農学博士の木嶋利男先生が紹介されている、「果実が甘くなるトマトの種まき方法」について、ご案内いたします。
この方法は、昔農家さんが行ってきた伝承農法で、トマトの種をまく前に ある処理を行いますと 発芽した後 双葉が甘くなり、採れるトマトが甘くなると言われていますので、参考になさってください。
果実が甘くなる!トマトの種まき|昔農家さんに学ぶ病害虫に強くなる種まき方法
種に刺激を与える伝承農法
今回ご紹介するトマトの種まきは、初期生育の段階で種に刺激を与えて、隠された能力を引き出す伝承農法です。
農学博士の木嶋利男先生によりますと、野菜は とくに発芽から本葉1~3枚までの幼苗の時期がとても重要で、周囲の環境に合わせて親から受け継いだ遺伝子にスイッチが入り、さまざまな能力を発揮し始めるのがこの時なのだそうです。

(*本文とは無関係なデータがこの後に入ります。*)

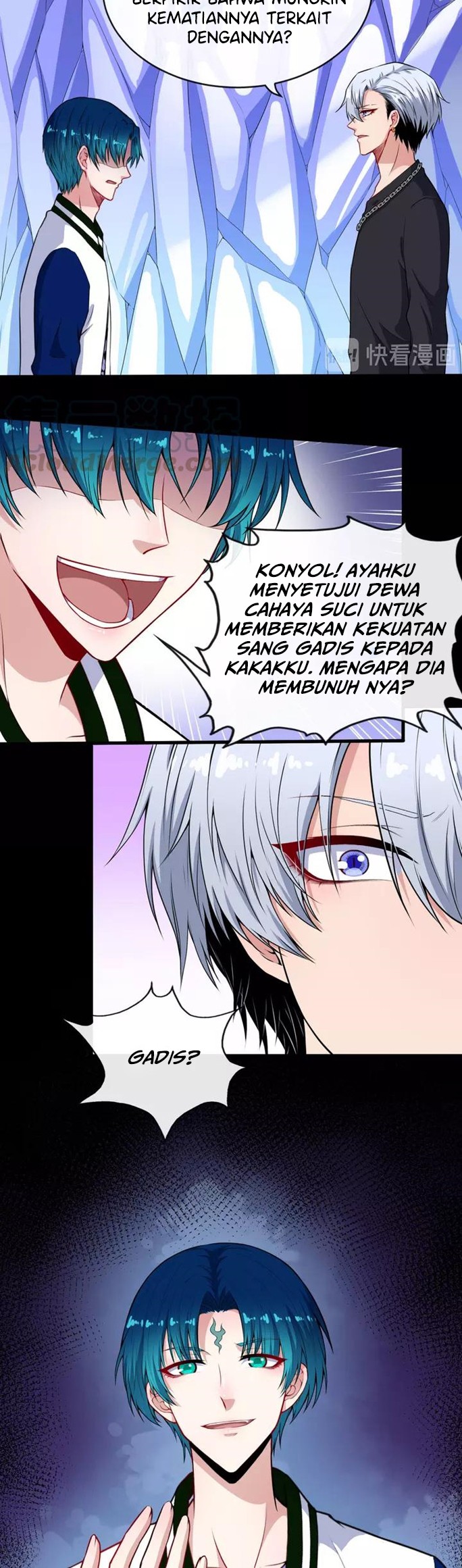 Daddy From Hell Bab 128 halaman 4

能力によっては、この時期を過ぎてしまいますとスイッチが入らず、能力がが眠ったままになりやすいことも知られています。
トマトの種の冷湿処理
昔農家さんは、イネやソバの種を 長期間冷たい小川に浸してから 種をまいていました。
桜で有名な長野県伊那市高遠では、今でも 冷たい川に蕎麦の実をさらして「寒さらし蕎麦」にしているそうです。
長期間 冷たく湿った環境におかれた種をまきますと、収穫物が甘くなるという伝承農法がありますが、これをトマトにも応用することが出来ます。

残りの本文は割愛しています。